Imprisoned on trumped-up charges of membership an an “anti-Soviet” group within Andrei Tupolev's design bureau, Vladimir Petlyakov's punishment was to design a high-altitude fighter aircraft in 1938. Since the Soviet High Command later decided that the high-altitude threat was not as great as first feared, Petlyakov's aircraft was instead developed as a dive bomber. Series production was begun in February 1941, just in time to allow the Pe-2 to be available to meet Germany's invading forces. Constantly improved during the subsequent years of combat, the Pe-2 emerged as the finest frontal attack bomber on the Eastern front, and as such it is no surprise that the most successful regiments earned the elite “Guards” designation.

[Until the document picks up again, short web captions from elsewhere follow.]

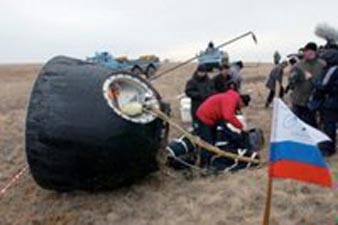 Soyuz spacecraft lands safely in Kazakh steppe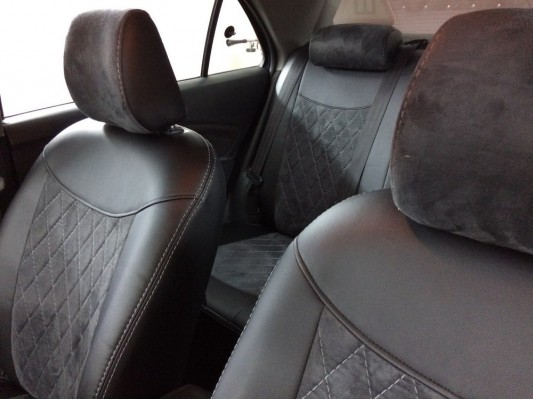 Авточехлы на Toyota Yaris Авточехлы на Toyota Yaris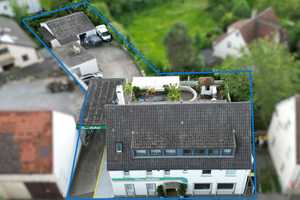 Großzügiges Wohn- und Geschäftshaus im Herzen von Markgröningen: Ideal zum Wohnen und Arbeiten – Münchinger Str 22, 71706 Ludwigsburg (Kreis) – Vorschaubild 1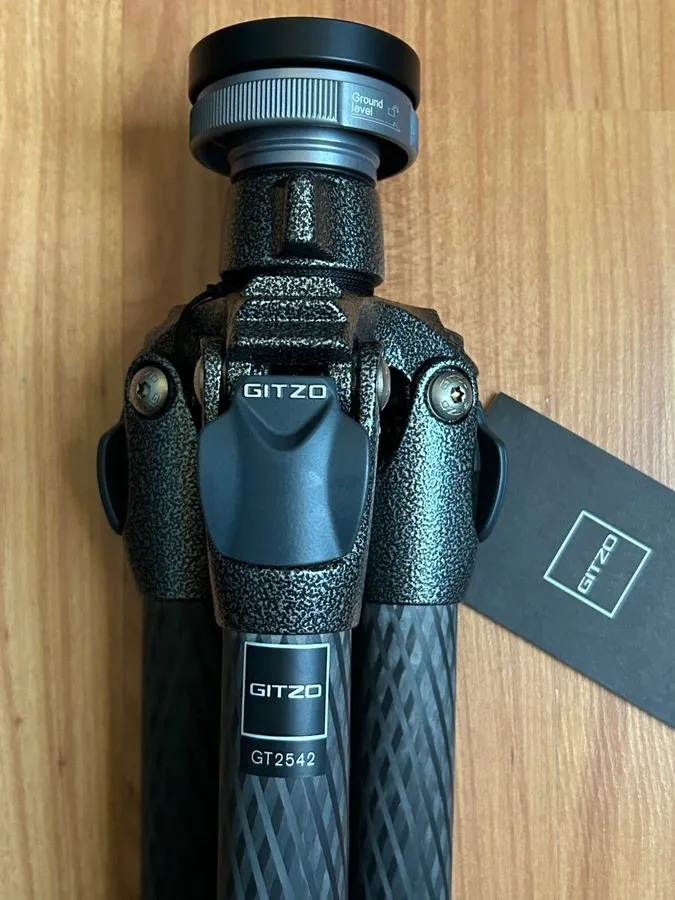Оборудование видеонаблюдения Gitzo GT2542 Mountaineer Series 2 Carbon Fiber Trip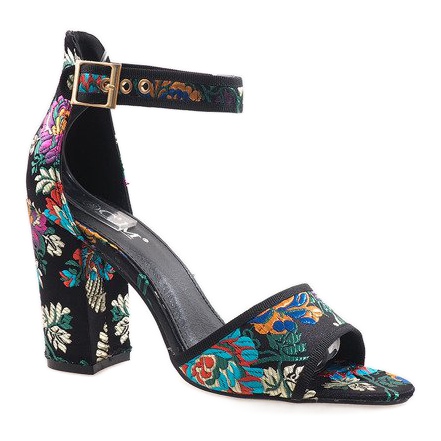 Fekete szandál a poszton 77-14 1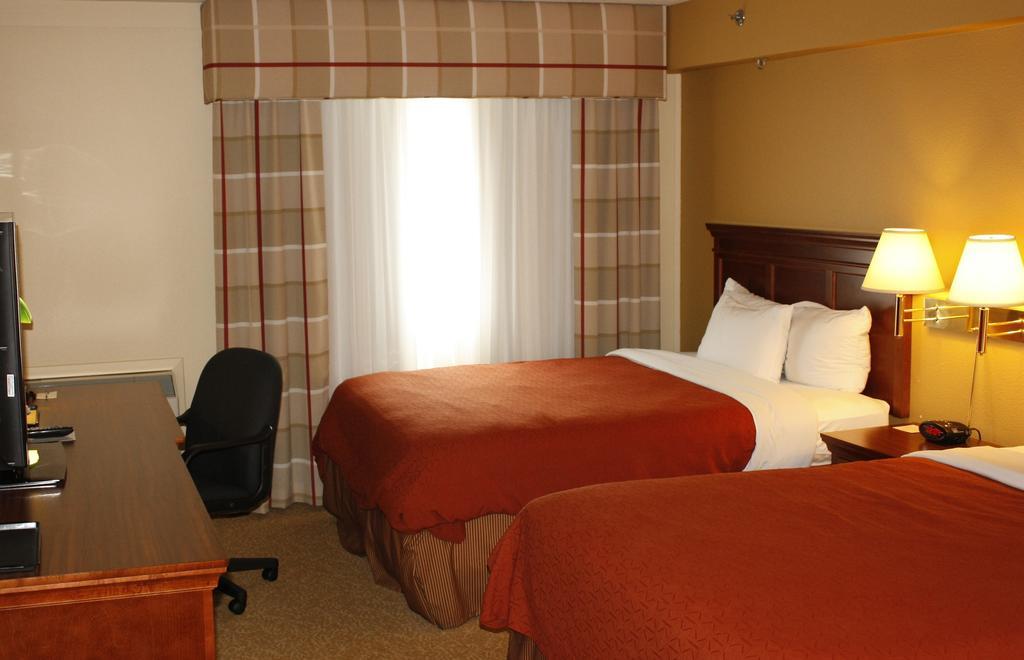 Travelodge Suites By Wyndham Regina - Eastgate Bay Exteriör bild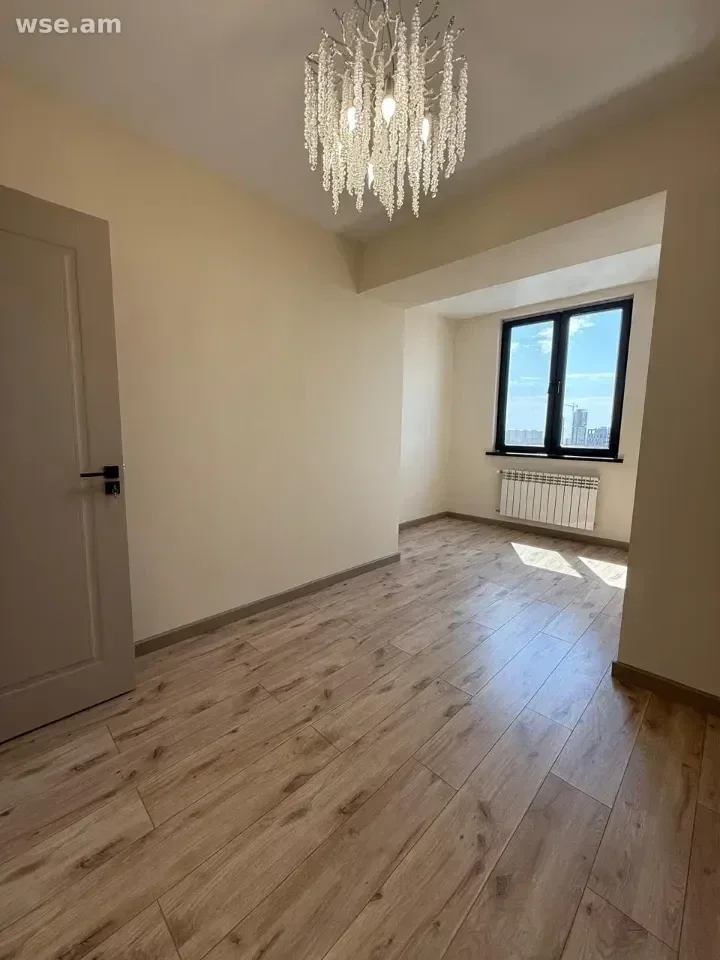 3-room, 82 m², 5/5 floor, 1st lane of Kyivyan street 3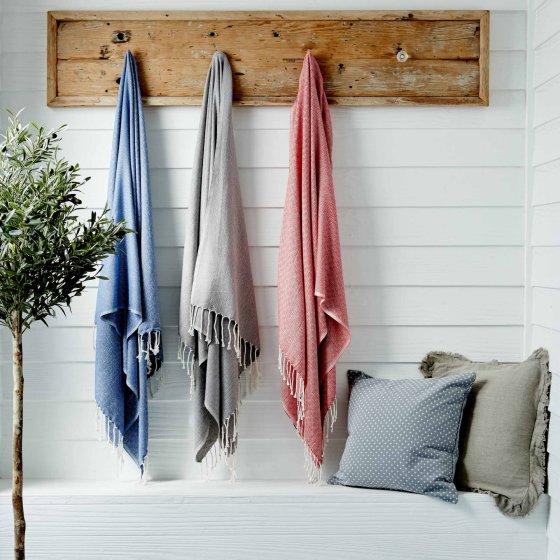 dark-red-white-cotton-hammam-towel-cesme 560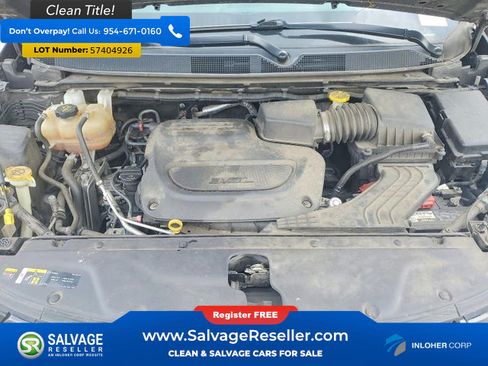 Used 2022 Chrysler Pacifica Touring-L FWD image 16
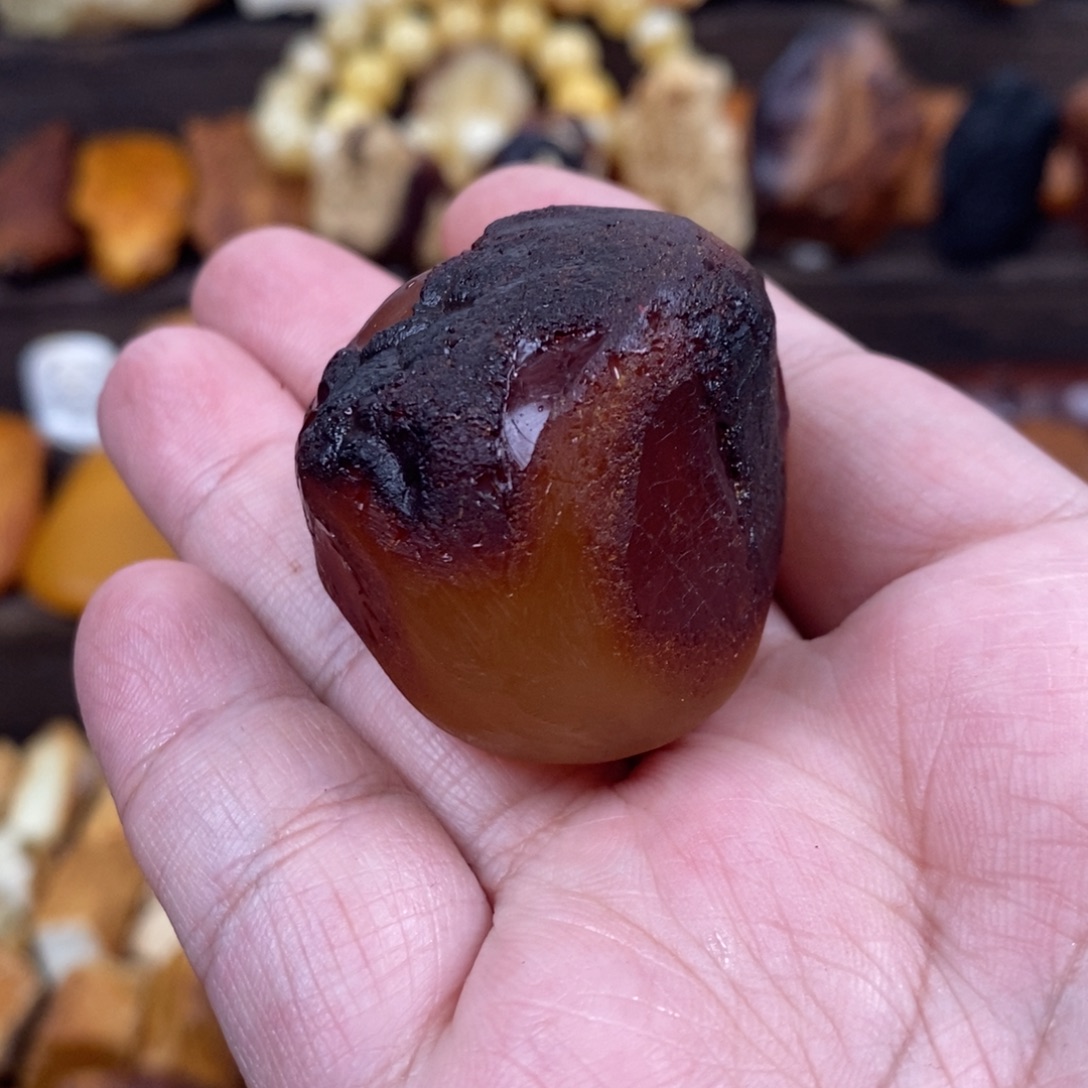 定制琥珀未镶嵌蜜蜡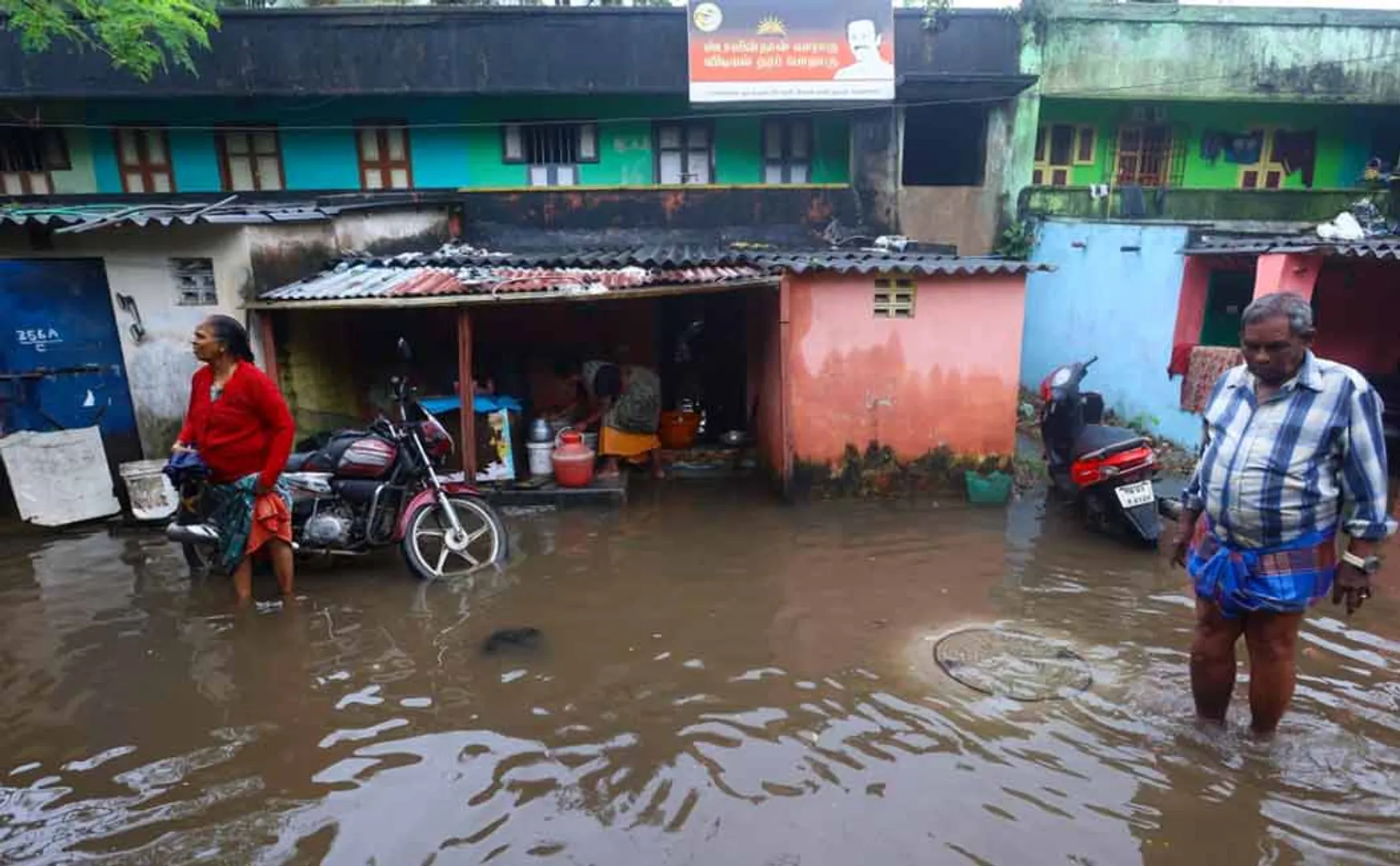 Civilians suffer due to early morning rains (Pictures)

96 pages, softcover. This book is another of Osprey's very successful Osprey Combat Aircraft series. Filled with photographs, drawings and colour profiles, it is sufficient to give a capsule profile of the aircraft and units which flew it.
The Authors are Dmitry Khazanov and Aleksander Medved. It still delights this former Cold-Warrior that books on Russian history written by Russians are now routinely published in the West.
The book is divided into 6 chapters plus an appendix.
- Chapter 1. Pe-2 Development
- Chapter 2. Guards Bomber Regiments
- Chapter 3. Guards Bomber Air Divisions
- Chapter 4. Guards Bomber Air Corps
- Chapter 5. Guards Reconnaissance Air Regiments
- Chapter 6. Guards Bomber Regiments of Naval Air Forces
Chapter 1 Pe-2 Development
Chapter 1 spends 7 pages on a brief history of the Peshka's development, first as a high altitude fighter, then dive bomber and finally the modifications needed for frontal reconnaissance. 7 photographs accompany the text.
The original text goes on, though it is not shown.